Three years ago, a California woman created Advocates for Injured Athletes to bring a certified athletic trainer to every high school in the U.S. Her son sustained a cervical spine fracture during a lacrosse game, and the team athletic trainer refused to let him stand up on the field. It saved him from becoming a paraplegic and possibly even dying.
Yet fewer than half of all high school athletic programs nationwide have access to them. Some simply can't afford them, while others choose to spend money elsewhere, says Jim Thornton, president of the National Athletic Trainer Association.
"So we have all these kids competing in football, lacrosse, soccer and other high-impact sports with a significant chance of injury and no one there to take care of them except a coach," he says. "Coaches often don't have a lot of medical training and are busy coaching, so they can't monitor how each athlete feels."
Breitbach knows of schools that don't have athletic trainers but have built new, modern football fields. They could set up an endowment with that money and pay for an athletic trainer into perpetuity, he says.
"Someone is eventually going to start asking, when a school board decides not to hire an athletic trainer, are they making the best use of funds?" Breitbach says. "Or are they trying to participate in an athletic arms race where everyone has to have nicer, cooler stuff."
Feldner points to the rise in cases of rhabdomyelosis in recent years. It's a syndrome marked by muscle degeneration and muscle enzyme leakage after a workout that's too intense. In severe cases it can result in renal failure and sudden death.
Two years ago, 12 Oregon high school football players were treated for it after a preseason workout. Athletes with sickle cell trait are more susceptible to it, and has been linked to the death of O'Neal.
"If an athlete has more than normal muscle soreness, the athletic trainer is the first person he'll see, and the athletic trainer will determine whether it's normal for a strenuous workout or it's a significant problem and they need to get it checked out," Feldner says. "They're the first line of defense."
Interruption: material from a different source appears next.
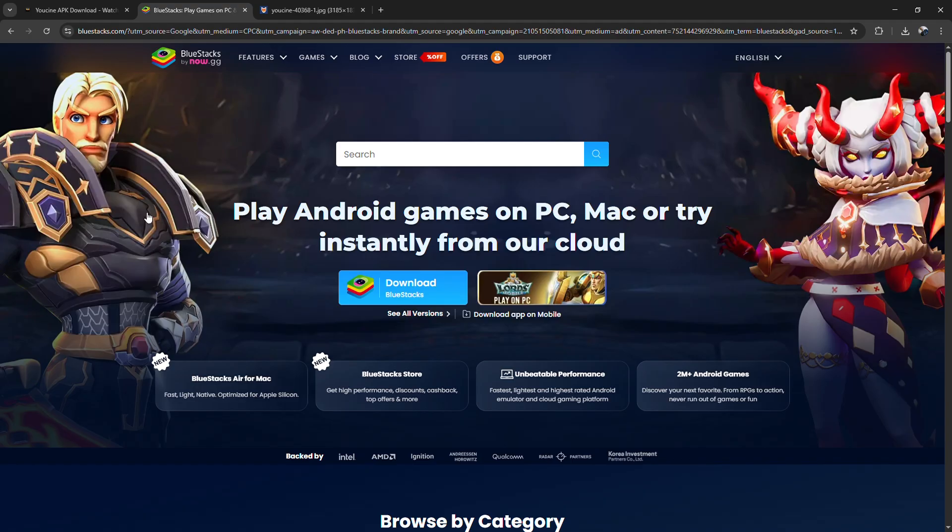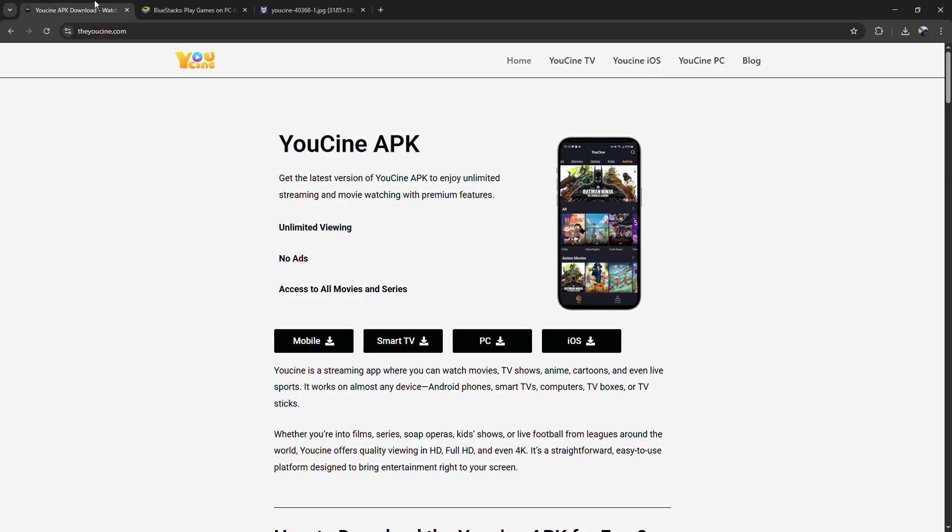Install one of those first. After installing the emulator, open its browser and head straight to the official YouCine website to grab the latest APK file.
Halstead points out that athletic trainers also usually recognize the signs of concussion better than most physicians and know how to treat them better. He also says they become like counselors or psychologists to the athletes."
"Sometimes they'll realize that it's more than just an injury going on," he said. "Some kids may not want to truly get back out there and play, and they don't want to tell the coach or the parents. And the athletic trainer has the inside information."